After one of the lectures, a friend and I were wondering what, if anything, would be the next great kitchen appliance that trickled down from the professional kitchen. Most appliances have remained generally unchanged over the last 50 years. Sure, you may have a blender that makes soup, and has a heating element, but it is still basically a blender. It just has some extra bells and whistles. The last great kitchen innovation was the microwave. When they first came out they cost thousands of dollars, but now virtually every college student has at least a $20 model in their dorm room. So what's next?
Anyone who has watched Food Network over the past few years will have eventually heard of sous vide (pronounced "Sue-Vee"). They may have even heard chefs rave about how amazing the results from this are. But what is it? Basically, it is a super duper slow cooker. The idea is that food is put into a vacuum sealed bag, and cooked in a water bath at the temperature that the final product will be. I can hear all the non-foodies now, in unison, going "Okayyy, but why would that matter?" Let's focus on meat for a minute. Cooking meat tends to be a balance between time and temperature. If the temperature is too hot, the outside can be burnt with a raw inside, and if it is too cold, by the time the center is cooked, the rest of it is dry and chewy. Cooking a good steak using a grill or even a good cast iron skillet takes a bit of skill, and requires good timing. Even then there is a gradient of "doneness".
Outside seared goodness
medium cooked
pink center
medium cooked
Outside seared goodness
Sous vide takes both the time pressure and temperature concerns out of the equation. When cooking in the sous vide, the entire piece of meat will be the same temperature as that nice pink center. It just takes a little longer to get to the right temperature. So with a steak, the whole thing will be equally medium rare when it comes out of the water bath. Give it a very quick sear in a very hot pan to get some maillard goodness, and it becomes an immediate perfect steak. A person can cook a cheaper, tougher cut of beef, which tends to be a lot more sensitive to overcooking without the risk. This makes it obvious why restaurants would want to have a sous vide. They can serve cheaper meat that turns out just as tasty as more expensive cuts, and they can pre-cook steaks (or many other dishes) to be quickly served at perfect temperatures. But for home use? Is it feasible, and is it even worth it?

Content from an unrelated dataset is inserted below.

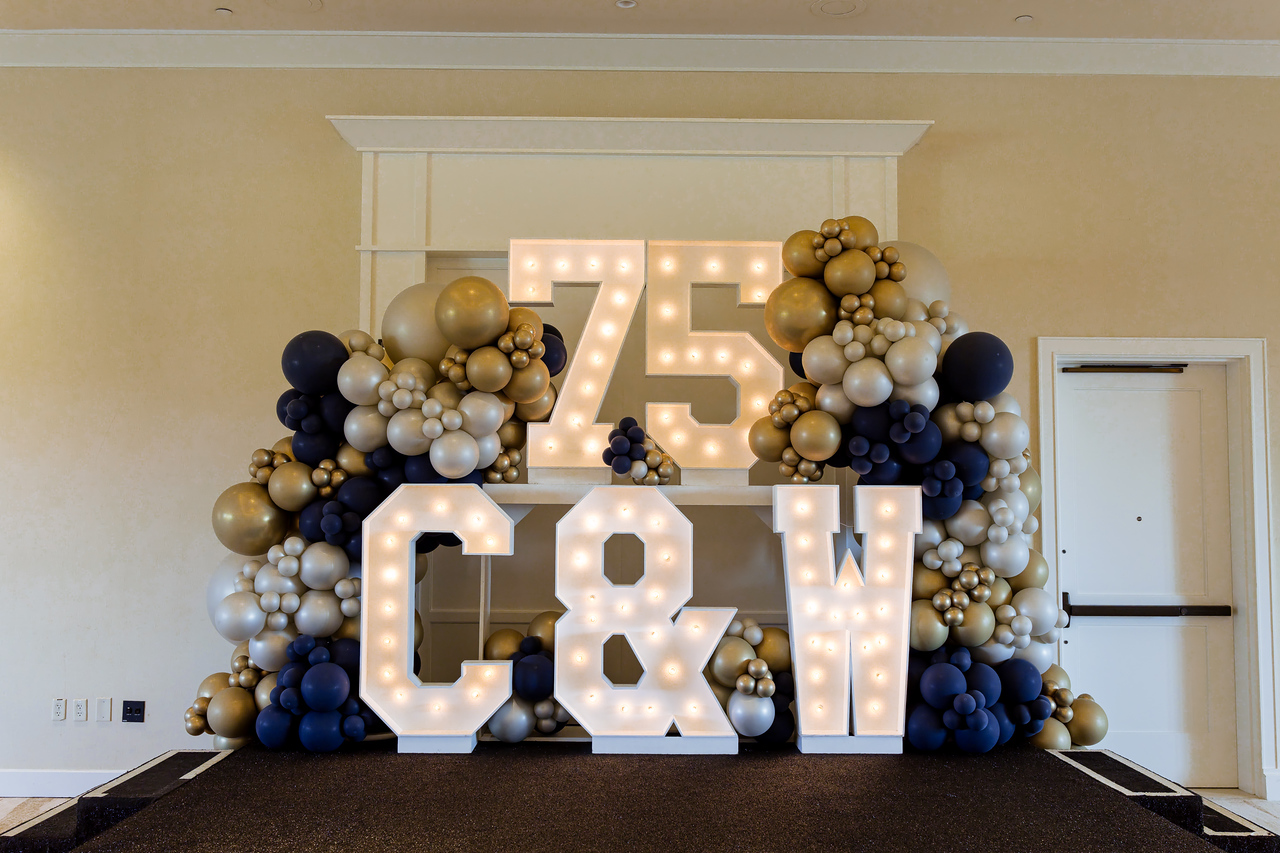 75th Anniversary display featuring gold balloons and event branding at Cummins & White’s celebration.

A sous vide "oven" is $300 to $600. A thermometer/heating unit/circulator which will attach to a pot is still around $200. These still seem a little gadget-y, expensive, and unlikely to really catch on. During the course of the conversation about the next great home kitchen appliance, I posited that a sous vide would not necessarily become its own appliance, but that I could see it as a feature of something like a crock pot. They both are designed to cook at a low temperature for a long period of time, and there are some crock pots where you can set the temperature already; just not necessarily as low as some of the sous vide temperatures. Also, as the crock pot tends to have heat coming in from both the bottom as well as the walls, it wouldn't require quite as much circulation.
So wasn't I surprised when I received this as a Christmas present. It's a $99 device that works with any "dumb" crock pot, like mine! To make it work:
- Plug the temperature controller into the wall.
- Plug the crock pot into the temperature controller.
- Fill the crock pot with water, leaving space for the food to go in without overflow.
- Set the temperature on the temperature controller.
- Place the heat sensor into the water.
- Turn the crock pot to high.
The first item I tried cooking in it was a lamb roast that had been sitting in my freezer for... let's just say probably way too long. But, as there was no indication of freezer burn, there was a reasonably low chance of food poisoning from undercooked lamb (as opposed to chicken) in case it sort of worked, and I didn't have to pay any extra for it (since I already had it) I thought it was a good choice for a first run. I stuffed the lamb with some herbs, tied it up, and sealed it up in a zip top sous vide bag.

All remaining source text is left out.